Multiple Right-Hand Sides (Block Solve)

import numpy as np
from scipy.sparse import random as sparse_random
from blocksolver import blqmr

# Create a complex symmetric matrix (common in frequency-domain FEM)
n = 5000
# Random symmetric: A = B + B.T to ensure symmetry
B = sparse_random(n, n, density=0.01, format='csc')
A = (B + B.T) / 2 + 1j * sparse_random(n, n, density=0.005, format='csc')
A = (A + A.T) / 2  # Ensure complex symmetric (A = A.T, not A.conj().T)

# 16 right-hand sides (e.g., 16 source positions in imaging)
num_sources = 16
B = np.random.randn(n, num_sources) + 1j * np.random.randn(n, num_sources)

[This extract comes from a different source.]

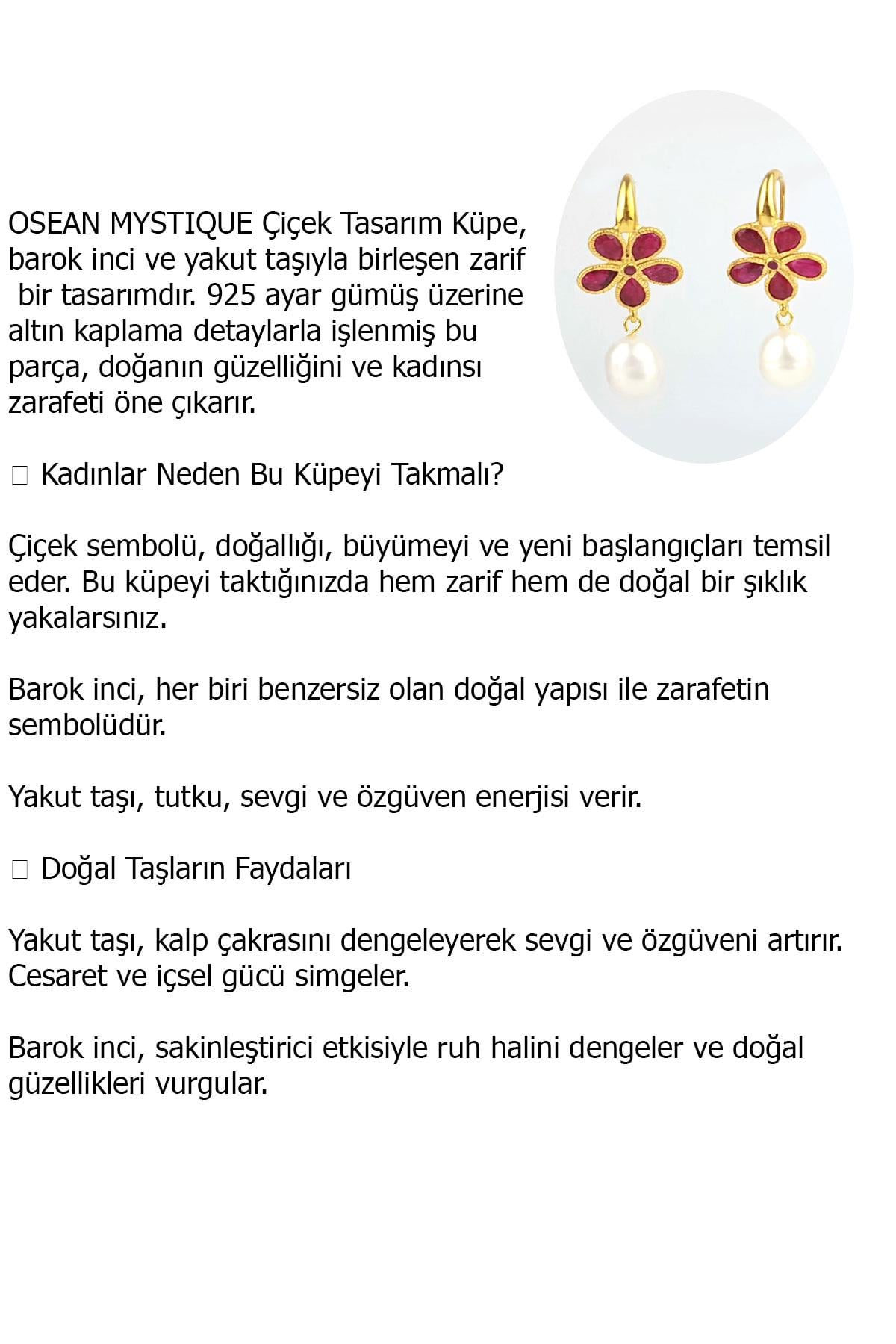 OSEAN MYSTIQUE Barok inci ve yakut taşlı 925ayar gümüş Üzerine altın kaplama Tasarım Çiçek küpe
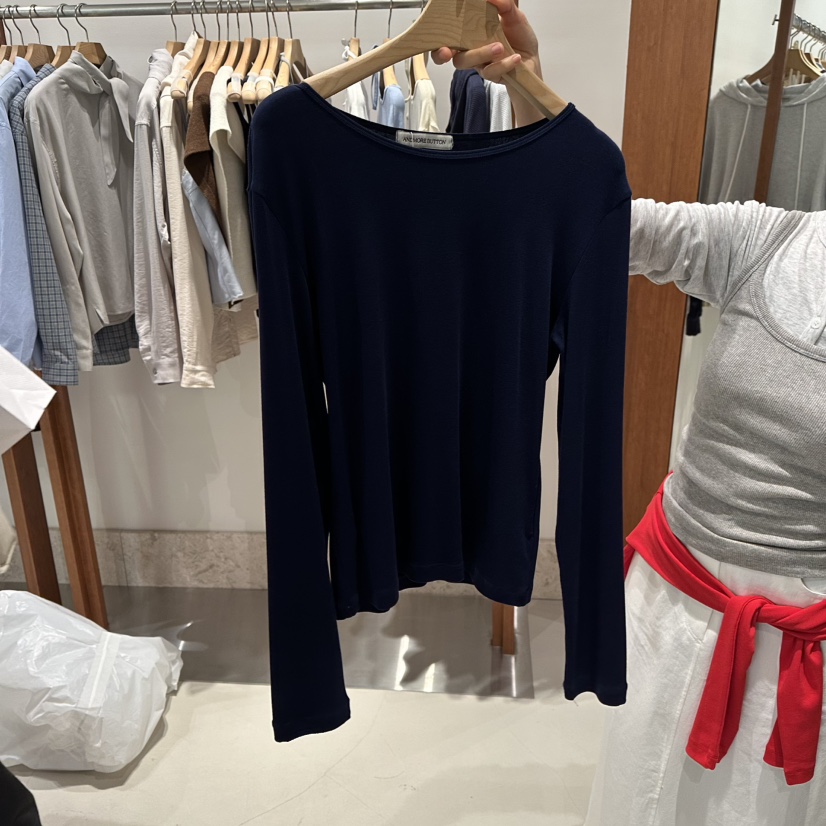 ANDMORE BUTTON韓國直郵女士新款休閑推薦26春夏長袖T恤ANDMORE BUTTON長袖T恤圖色4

# Block solve - all 16 RHS solved together, sharing Krylov information
result = blqmr(
    A,                     # Complex symmetric matrix
    B,                     # Multiple RHS as columns (n x 16)
    tol=1e-8,              # Tolerance applies to worst-case RHS
    maxiter=1000,          # Max block iterations
    precond_type='diag'    # Diagonal preconditioner (ILU may fail for complex)
)

print(f"Solution shape: {result.x.shape}")  # (5000, 16)
print(f"Block iterations: {result.iter}")   # Much less than 16 * single iterations
print(f"All converged: {result.converged}")

# Verify each solution
for i in range(num_sources):
    res = np.linalg.norm(A @ result.x[:, i] - B[:, i]) / np.linalg.norm(B[:, i])
    print(f"  RHS {i+1}: residual = {res:.2e}")

Custom Preconditioning

import numpy as np
from scipy.sparse import diags
from scipy.sparse.linalg import spilu
from blocksolver import blqmr, make_preconditioner, SparsePreconditioner

# Create test matrix
n = 2000
A = diags([-1, 4, -1], [-1, 0, 1], shape=(n, n), format='csc')
b = np.random.randn(n)

# Option 1: Use built-in preconditioner factory
M_diag = make_preconditioner(A, 'diag')   # Diagonal (Jacobi)
M_ilu = make_preconditioner(A, 'ilu')     # Incomplete LU

result = blqmr(A, b, M1=M_diag, precond_type=None)  # precond_type=None when M1 provided

# Option 2: Split preconditioning for symmetric systems
# This preserves symmetry of the preconditioned system
d = np.abs(A.diagonal())
d[d < 1e-14] = 1.0
sqrt_d = np.sqrt(d)
M_sqrt = diags(sqrt_d, format='csc')

result = blqmr(
    A, b,
    M1=M_sqrt,             # Left preconditioner: M1^{-1} * A * M2^{-1}
    M2=M_sqrt,             # Right preconditioner: recovers x = M2^{-1} * y
    precond_type=None      # Disable auto-preconditioner when M1/M2 provided
)

# Option 3: Custom ILU with tuned parameters
ilu_factor = spilu(
    A.tocsc(),
    drop_tol=1e-4,         # Drop entries smaller than this (smaller = stronger)
    fill_factor=10         # Allow up to 10x fill-in
)
M_custom = SparsePreconditioner(ilu_factor)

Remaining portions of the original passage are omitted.